> Directions: When you reach the line with "Picture of Ethereal" in the data below, begin printing lines exactly, and stop once the line with "2013 DODGE CHARGER" has been printed.

> Information given:
= = = = = = =
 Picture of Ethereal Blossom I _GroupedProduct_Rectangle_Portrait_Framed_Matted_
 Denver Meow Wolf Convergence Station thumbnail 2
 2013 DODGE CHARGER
= = = = = = =
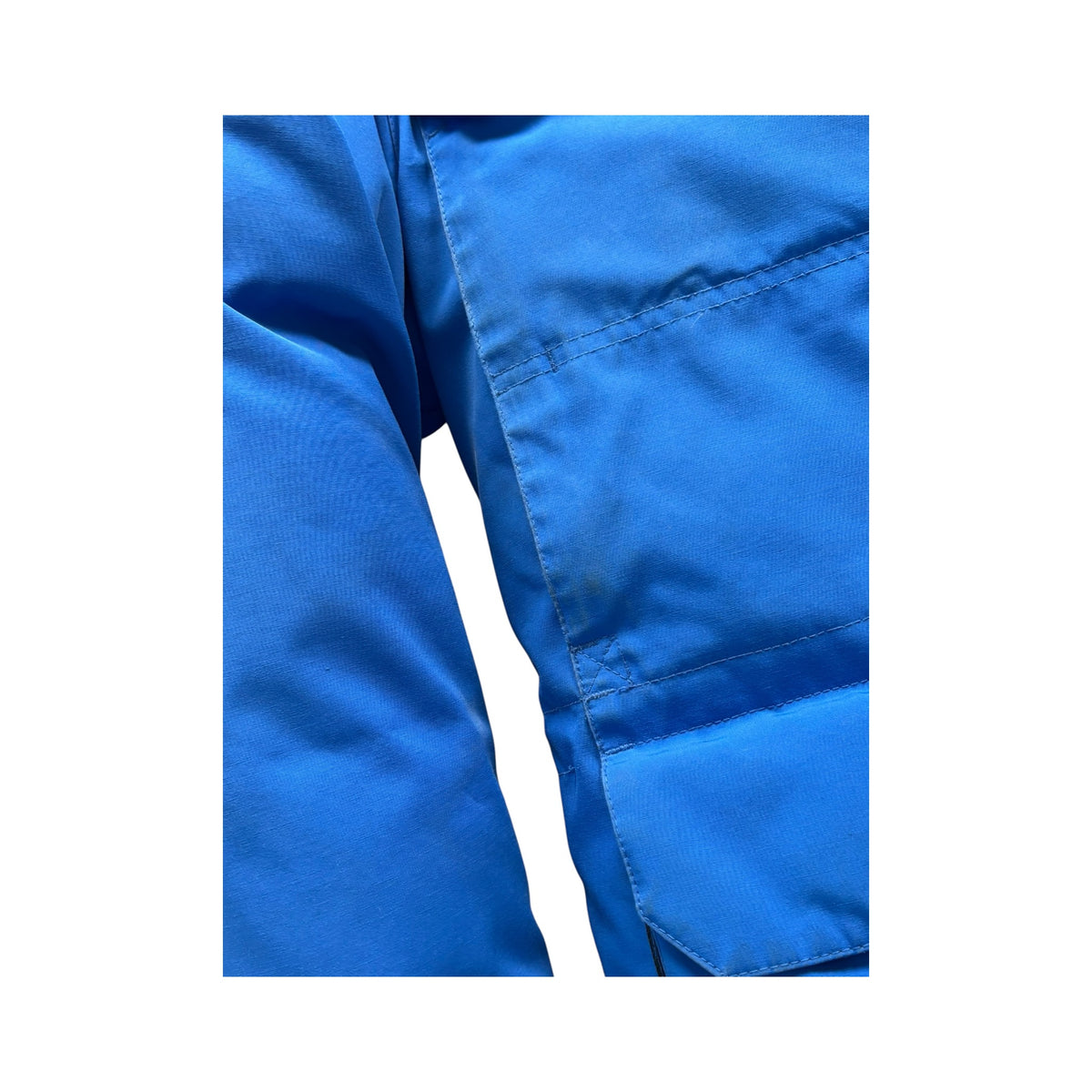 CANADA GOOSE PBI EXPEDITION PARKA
= = = = = = =
> Expected answer:
 Picture of Ethereal Blossom I _GroupedProduct_Rectangle_Portrait_Framed_Matted_
 Denver Meow Wolf Convergence Station thumbnail 2
 2013 DODGE CHARGER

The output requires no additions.